■ Prompt:
Every line with the string "Fashion" must be copied from the entries below.

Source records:
◇ ◇ ◇

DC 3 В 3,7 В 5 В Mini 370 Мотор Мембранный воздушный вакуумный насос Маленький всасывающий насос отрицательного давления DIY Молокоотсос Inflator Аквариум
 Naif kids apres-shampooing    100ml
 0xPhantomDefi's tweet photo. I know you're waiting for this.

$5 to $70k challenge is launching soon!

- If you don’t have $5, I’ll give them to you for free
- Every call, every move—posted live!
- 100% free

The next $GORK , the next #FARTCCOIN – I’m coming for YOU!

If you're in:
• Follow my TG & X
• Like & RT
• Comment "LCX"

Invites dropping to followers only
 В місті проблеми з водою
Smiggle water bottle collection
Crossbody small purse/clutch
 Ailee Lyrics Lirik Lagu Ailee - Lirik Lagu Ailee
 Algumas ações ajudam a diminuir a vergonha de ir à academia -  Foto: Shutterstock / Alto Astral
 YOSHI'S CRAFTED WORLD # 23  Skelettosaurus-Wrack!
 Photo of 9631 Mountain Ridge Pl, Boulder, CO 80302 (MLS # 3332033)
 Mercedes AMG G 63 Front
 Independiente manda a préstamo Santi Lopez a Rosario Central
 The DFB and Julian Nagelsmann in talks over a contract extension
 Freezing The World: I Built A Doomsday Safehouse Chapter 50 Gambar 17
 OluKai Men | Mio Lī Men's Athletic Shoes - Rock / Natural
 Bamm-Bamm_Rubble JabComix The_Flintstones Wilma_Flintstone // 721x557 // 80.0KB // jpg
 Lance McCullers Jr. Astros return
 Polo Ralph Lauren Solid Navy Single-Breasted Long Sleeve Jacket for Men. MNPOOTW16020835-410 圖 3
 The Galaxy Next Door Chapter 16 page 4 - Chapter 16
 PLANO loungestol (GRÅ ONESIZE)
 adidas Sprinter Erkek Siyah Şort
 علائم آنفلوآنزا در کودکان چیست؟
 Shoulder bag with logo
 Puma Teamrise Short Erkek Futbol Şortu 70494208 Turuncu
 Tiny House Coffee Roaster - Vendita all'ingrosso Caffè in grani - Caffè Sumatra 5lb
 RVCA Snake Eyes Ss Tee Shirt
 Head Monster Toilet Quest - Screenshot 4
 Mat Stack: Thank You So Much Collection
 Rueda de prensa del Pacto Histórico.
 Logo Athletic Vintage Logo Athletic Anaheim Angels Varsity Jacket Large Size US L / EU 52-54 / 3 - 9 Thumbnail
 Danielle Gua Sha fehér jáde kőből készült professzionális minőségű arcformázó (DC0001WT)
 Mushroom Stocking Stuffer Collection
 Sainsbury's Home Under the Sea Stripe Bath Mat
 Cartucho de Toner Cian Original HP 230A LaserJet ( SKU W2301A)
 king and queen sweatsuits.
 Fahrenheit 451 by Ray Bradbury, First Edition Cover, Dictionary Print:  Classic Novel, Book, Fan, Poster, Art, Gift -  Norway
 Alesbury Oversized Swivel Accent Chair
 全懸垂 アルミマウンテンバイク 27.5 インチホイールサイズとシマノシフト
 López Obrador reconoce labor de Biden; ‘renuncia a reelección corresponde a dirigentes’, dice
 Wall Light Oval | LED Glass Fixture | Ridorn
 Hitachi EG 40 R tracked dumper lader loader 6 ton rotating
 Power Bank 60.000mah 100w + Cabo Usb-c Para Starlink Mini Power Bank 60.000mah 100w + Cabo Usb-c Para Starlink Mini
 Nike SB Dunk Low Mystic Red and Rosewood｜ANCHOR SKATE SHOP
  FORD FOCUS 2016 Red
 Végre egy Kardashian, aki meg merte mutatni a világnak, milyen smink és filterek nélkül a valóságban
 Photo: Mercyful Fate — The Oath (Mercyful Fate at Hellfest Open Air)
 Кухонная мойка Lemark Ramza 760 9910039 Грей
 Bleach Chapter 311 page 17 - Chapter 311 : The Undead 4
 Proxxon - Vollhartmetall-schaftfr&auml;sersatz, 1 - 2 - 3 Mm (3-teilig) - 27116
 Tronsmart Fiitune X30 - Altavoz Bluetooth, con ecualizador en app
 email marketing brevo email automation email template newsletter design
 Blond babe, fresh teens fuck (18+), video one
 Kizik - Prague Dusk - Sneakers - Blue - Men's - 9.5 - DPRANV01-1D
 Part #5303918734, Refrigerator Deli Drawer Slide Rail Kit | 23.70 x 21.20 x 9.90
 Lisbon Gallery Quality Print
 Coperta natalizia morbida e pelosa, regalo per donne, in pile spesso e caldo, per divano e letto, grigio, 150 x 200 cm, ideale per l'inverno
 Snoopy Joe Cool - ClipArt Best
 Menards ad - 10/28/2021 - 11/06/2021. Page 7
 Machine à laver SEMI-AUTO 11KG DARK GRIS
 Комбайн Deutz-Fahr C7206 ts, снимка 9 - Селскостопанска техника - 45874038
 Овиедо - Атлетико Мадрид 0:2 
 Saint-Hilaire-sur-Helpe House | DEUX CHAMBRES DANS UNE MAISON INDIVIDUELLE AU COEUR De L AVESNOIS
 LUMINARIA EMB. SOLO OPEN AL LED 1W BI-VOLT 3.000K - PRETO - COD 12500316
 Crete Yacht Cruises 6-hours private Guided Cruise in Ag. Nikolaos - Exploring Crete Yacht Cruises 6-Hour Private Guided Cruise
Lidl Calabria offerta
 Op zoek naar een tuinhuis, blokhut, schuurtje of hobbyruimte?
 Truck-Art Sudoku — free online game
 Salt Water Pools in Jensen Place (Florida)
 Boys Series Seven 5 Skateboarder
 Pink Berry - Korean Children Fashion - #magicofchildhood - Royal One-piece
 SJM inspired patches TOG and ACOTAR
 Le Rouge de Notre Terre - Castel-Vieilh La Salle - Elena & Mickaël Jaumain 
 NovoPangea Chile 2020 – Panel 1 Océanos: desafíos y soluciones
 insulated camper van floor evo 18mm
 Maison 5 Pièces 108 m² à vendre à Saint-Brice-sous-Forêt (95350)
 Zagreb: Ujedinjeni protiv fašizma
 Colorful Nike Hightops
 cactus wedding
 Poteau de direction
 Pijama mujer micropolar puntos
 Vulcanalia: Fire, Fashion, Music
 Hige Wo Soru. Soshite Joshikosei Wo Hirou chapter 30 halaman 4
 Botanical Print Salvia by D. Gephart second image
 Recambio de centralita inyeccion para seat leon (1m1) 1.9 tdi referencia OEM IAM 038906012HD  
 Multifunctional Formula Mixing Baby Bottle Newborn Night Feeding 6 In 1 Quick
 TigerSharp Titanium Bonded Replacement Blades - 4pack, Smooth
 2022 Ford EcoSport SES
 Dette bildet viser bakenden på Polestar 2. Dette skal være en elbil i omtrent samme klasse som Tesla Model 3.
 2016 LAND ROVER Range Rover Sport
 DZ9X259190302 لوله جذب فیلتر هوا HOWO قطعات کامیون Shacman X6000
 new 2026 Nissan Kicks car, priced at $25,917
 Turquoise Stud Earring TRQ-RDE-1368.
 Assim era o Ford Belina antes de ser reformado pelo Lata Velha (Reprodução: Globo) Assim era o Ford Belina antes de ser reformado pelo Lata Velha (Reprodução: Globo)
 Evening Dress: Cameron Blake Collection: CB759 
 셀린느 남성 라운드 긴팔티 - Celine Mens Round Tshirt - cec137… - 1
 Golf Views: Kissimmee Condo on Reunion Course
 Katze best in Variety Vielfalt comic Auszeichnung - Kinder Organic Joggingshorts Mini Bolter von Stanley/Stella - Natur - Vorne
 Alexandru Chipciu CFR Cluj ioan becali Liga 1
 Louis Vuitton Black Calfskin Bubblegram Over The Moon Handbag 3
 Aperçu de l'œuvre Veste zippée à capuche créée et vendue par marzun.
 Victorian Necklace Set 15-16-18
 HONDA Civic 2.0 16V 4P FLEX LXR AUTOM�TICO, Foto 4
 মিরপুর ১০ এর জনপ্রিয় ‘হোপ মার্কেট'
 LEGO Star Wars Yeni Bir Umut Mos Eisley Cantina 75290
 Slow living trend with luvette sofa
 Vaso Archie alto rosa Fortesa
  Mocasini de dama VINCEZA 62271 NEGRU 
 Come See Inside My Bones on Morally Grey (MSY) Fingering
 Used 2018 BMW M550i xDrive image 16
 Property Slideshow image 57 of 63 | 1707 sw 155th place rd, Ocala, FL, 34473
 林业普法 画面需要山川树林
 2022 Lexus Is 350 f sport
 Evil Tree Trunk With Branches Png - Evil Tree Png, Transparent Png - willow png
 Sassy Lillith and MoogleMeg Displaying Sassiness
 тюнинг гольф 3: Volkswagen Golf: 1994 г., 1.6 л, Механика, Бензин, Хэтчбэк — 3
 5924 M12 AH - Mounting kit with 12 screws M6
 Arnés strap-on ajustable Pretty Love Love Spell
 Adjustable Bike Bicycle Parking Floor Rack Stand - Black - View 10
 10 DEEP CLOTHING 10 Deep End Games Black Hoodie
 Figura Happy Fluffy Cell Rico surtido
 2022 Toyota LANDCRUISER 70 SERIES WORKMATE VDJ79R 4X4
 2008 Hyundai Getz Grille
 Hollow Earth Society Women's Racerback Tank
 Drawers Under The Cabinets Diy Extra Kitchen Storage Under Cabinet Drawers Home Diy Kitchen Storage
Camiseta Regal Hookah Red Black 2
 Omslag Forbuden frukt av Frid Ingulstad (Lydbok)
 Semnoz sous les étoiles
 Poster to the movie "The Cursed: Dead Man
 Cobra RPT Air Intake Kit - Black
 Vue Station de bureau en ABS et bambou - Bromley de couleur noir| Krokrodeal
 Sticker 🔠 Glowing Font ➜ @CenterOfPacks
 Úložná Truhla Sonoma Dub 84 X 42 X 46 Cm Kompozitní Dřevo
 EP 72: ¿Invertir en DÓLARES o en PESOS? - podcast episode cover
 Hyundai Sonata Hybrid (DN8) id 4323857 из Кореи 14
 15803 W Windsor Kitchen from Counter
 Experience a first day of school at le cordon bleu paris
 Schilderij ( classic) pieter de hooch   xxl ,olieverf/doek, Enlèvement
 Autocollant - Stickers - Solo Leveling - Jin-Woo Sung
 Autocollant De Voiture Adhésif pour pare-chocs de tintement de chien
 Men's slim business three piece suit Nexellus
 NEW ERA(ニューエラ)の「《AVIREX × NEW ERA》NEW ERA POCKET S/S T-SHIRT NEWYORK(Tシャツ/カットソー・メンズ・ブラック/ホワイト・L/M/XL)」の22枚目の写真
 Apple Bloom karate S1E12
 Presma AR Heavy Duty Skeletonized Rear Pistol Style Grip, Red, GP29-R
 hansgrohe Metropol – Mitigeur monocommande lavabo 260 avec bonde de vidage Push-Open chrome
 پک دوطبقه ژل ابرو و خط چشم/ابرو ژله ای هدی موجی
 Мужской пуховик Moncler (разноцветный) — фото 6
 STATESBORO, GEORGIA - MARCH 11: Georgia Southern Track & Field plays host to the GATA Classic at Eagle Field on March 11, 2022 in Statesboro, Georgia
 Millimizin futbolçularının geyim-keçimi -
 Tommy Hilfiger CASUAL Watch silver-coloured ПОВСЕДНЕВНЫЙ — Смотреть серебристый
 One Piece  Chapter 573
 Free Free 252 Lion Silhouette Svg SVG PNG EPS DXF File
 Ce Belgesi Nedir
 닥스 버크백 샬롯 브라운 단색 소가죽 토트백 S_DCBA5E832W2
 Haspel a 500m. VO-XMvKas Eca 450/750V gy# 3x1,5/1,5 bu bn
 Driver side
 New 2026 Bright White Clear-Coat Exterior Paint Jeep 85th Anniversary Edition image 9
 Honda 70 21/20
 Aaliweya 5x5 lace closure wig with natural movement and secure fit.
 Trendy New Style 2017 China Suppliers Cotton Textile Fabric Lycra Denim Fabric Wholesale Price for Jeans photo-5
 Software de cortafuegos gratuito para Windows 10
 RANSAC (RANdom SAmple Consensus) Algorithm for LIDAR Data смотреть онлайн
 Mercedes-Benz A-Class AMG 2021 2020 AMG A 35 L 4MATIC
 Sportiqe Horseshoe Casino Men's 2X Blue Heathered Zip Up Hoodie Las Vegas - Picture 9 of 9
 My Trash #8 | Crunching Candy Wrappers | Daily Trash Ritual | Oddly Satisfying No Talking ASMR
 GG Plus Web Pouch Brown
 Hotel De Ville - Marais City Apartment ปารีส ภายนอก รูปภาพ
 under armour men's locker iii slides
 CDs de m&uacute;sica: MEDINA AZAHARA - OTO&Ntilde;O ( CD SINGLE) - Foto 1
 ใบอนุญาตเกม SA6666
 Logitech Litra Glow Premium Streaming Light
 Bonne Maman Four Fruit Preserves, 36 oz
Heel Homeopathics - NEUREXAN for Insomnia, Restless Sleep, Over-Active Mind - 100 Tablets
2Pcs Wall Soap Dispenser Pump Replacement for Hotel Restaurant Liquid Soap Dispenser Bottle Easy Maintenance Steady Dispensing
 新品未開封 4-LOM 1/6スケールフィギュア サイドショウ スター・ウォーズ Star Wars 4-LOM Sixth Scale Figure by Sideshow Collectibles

◇ ◇ ◇

■ Task answer:
 Pink Berry - Korean Children Fashion - #magicofchildhood - Royal One-piece
 Vulcanalia: Fire, Fashion, Music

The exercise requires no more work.